Skip the pictures and restate, word for word, the lines from the one containing "this 600×399 image." to the end of the data below.

--- Extracted information ---

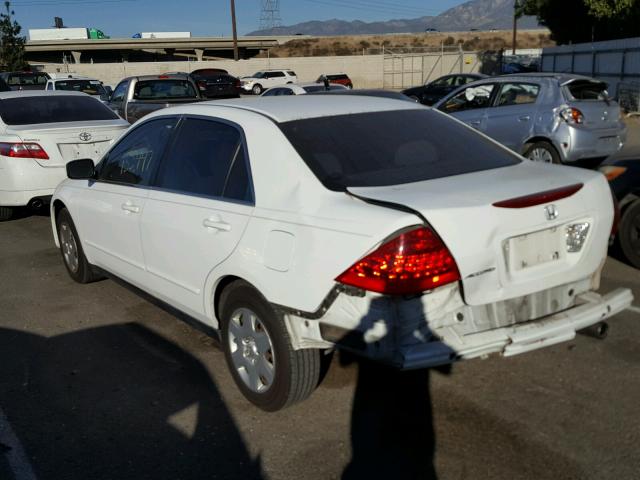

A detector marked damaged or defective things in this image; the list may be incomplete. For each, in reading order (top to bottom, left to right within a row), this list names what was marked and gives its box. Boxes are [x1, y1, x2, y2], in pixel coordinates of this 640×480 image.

broken tail light [0, 142, 49, 160]
damaged white sedan [51, 95, 636, 410]
broken tail light [336, 226, 460, 296]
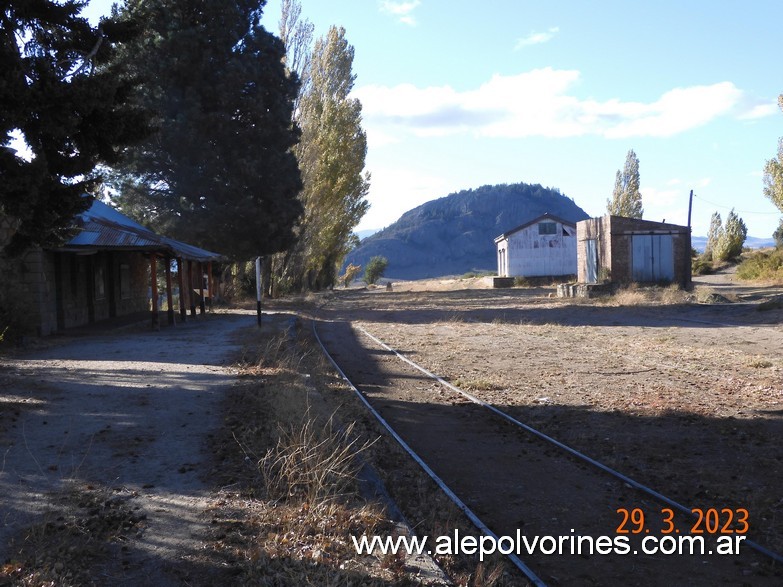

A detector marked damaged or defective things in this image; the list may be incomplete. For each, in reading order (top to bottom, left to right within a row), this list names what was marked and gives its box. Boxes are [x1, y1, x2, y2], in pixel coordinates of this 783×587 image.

rusty roof [57, 201, 224, 262]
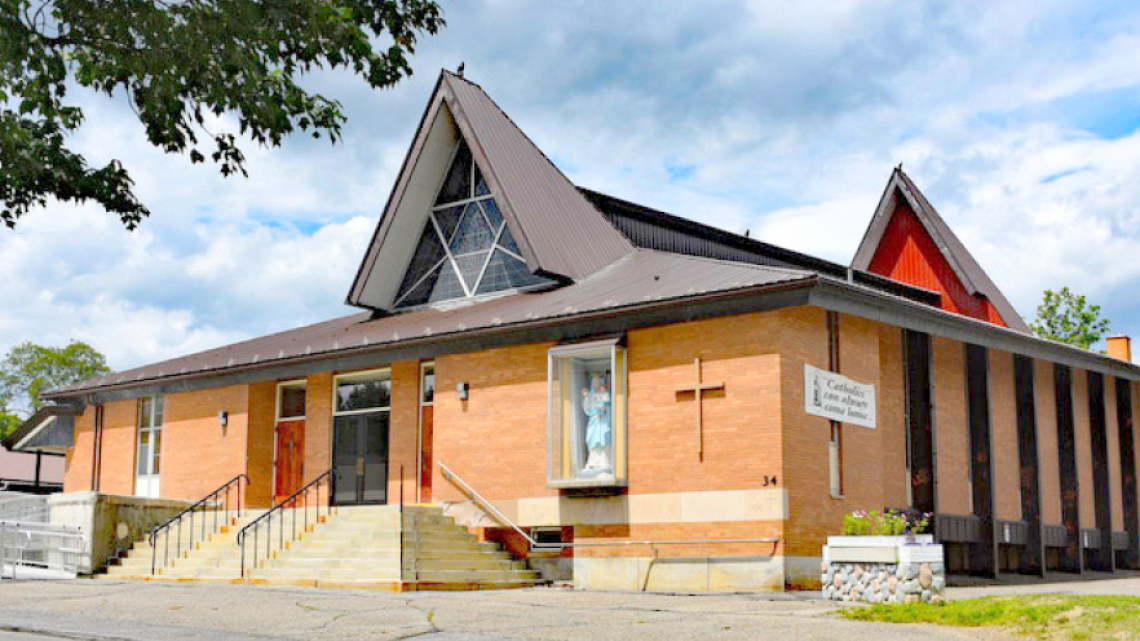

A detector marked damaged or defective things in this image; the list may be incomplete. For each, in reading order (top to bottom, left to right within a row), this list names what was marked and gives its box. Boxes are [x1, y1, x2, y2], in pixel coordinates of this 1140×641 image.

cracked asphalt [0, 577, 1007, 634]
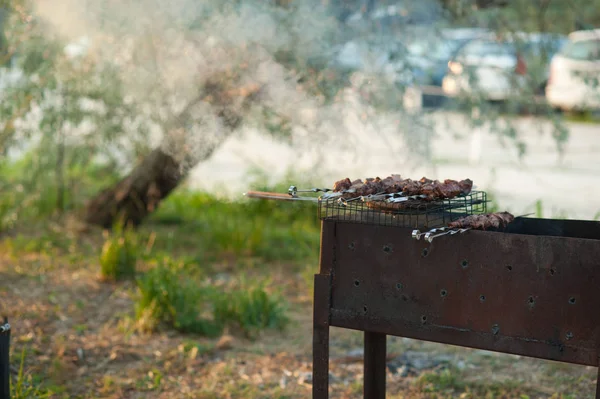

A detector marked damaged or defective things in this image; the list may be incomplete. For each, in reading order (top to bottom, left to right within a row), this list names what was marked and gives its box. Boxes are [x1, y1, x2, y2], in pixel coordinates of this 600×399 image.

rusty metal grill [318, 192, 488, 230]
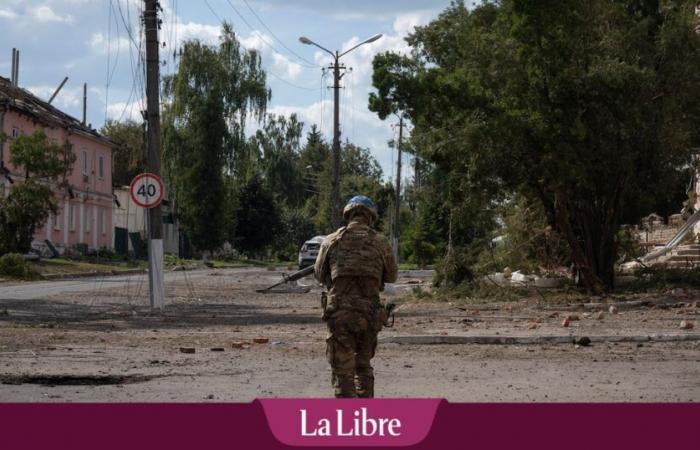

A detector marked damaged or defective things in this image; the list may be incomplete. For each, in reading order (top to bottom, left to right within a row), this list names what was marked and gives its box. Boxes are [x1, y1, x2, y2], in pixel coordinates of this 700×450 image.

---

• _The answer_
A detector marked damaged or defective things in this image; the list may be incomplete. For each, in reading order (top to bottom, left to right within a row), this list names what was marked and gives its box. Boxes are [x1, y1, x2, y2], in pixel coordinates of this 600×399 image.

rusty metal grill [318, 192, 488, 230]

A detector marked damaged or defective things in this image; the list may be incomplete. For each, in reading order (top to bottom, left to right within a row), this list names what was marked and gives its box. Boxes are [x1, y1, x2, y2], in pixel coordinates of this 700×450 image.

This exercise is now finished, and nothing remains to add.